You're more than welcome. Glad they proved useful :)

Thanks so much! I'm always amazed at the collective knowledge of a community. Thanks for being a part of that :)

You're totally right. They're super expensive though 😅

@@christophersfactory my local supermarket (grocery store) sells miscellaneous crap on a weekly rotation so I picked up a couple of cheap vises of various sizes. Mine can grab parts up to about 150mm in the dimension you're squeezing, and as Conor said they're great for 3d printed and maker stuff. That bigger one cost like €15 max

@@cian.horgan No kidding? That's dope. I'll have to check around my area to see if I can find something like that. Otherwise, maybe a garage sale.

@@christophersfactory they really aren’t that expensive and you don’t need large ones that bolt down to workbenches, even a cheap one that just clamps onto a desk is enough for most people.

I really appreciate that! Thank you so much.

Oh yeah, and basically point the tapers away from each other, then you could clamp down with up to 2,000 lbs!

Woah, those are some badass bearings! Thanks for the heads-up. At $35 a pop, I'll have to save my quarters though lol!

Thank you!

Sometimes I'll design a feature that can accommodate a steel nut, although I've never tried embedding them. Doing it during the print process certainly sounds more promising than trying to solder it in. Does that method work pretty well for you? What I'll often do is just make a square hole that's the height of my nut, and slide my nut in sideways through it until the screw can meet it. Perhaps a strength test video is in order 👀

@@christophersfactory Embedding nuts and magnets works very well for me.

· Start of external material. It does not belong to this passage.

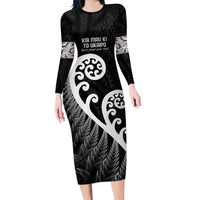 Kia Mau Ki To Ukaipo Family Matching Long Sleeve Bodycon Dress and Hawaiian Shirt Te Reo Maori Koru Fern Art LT9 Mom's Dress Black - Polynesian Pride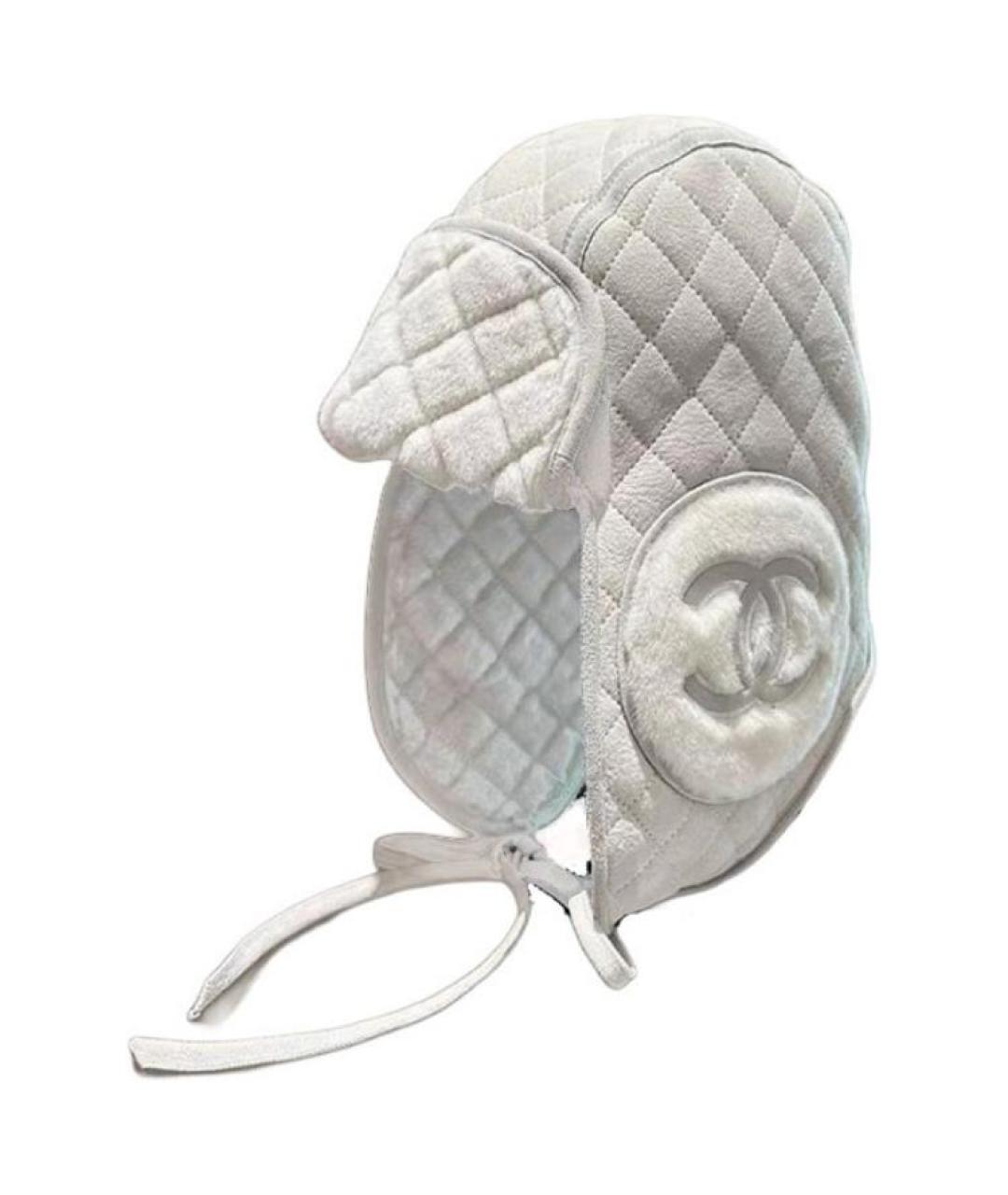 CHANEL Белая шерстяная шапка, фото 4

When I'm in a hurry I'll use the open square hole method, but when I'm fine tuning production prints I'll embed. I haven't tested strength but it seems to me if the wall thickness between the nut and the head of the screw is the same they should be about equally strong, though I think with an embed it might be a bit stronger, because the nut is pretty much locked into place while the opening for a sliding nut has to be pretty large to accommodate tolerances on the square nuts, resulting in some slop. In any case, embedding the nuts or magnets (when embedding magnets I use a tiny drop of CA adhesive in the recess to make sure they won't jump out of place, attracted to the other magnets) results in a cleaner exterior surface that looks less DIY.

How do you know when is the time to place a nut during print? Do you wait the whole time until it's ready?

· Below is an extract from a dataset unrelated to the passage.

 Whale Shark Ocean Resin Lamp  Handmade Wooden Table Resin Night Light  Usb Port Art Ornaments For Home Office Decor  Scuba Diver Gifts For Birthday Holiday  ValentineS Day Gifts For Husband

@@lovrocatela8727 If you're imbedding a nut, you'll want to wait until the past possible opportunity in the print to do so, otherwise it's likely that the nozzle will bump it. Personally, I tend to use that method less than just making features in the print that nuts can fit into.

@@lovrocatela8727 After initial slicing, I insert a pause at the first level above the cavity for the nut and then reslice. I make sure that the cavity for the nut is deep enough to accommodate the dimensional tolerances of the nuts to make sure there's no chance of the extruder nozzle crashing into the nut. I also block supports in the cavities for the nut and screw. The layer above the nut is printed as a bridge. While that first layer isn't always perfect, it's almost always good enough to retain the nut and then subsequent layers go down just fine. The pause feature is availabe in the Prusa slicer (and Bambu slicer, too, which is based on the Prusa). I don't have to monitor the printer as the gcode will tell it to pause the print. The Prusa printers will beep to notify you that the print has been paused. I then insert the nut(s) and resume the print.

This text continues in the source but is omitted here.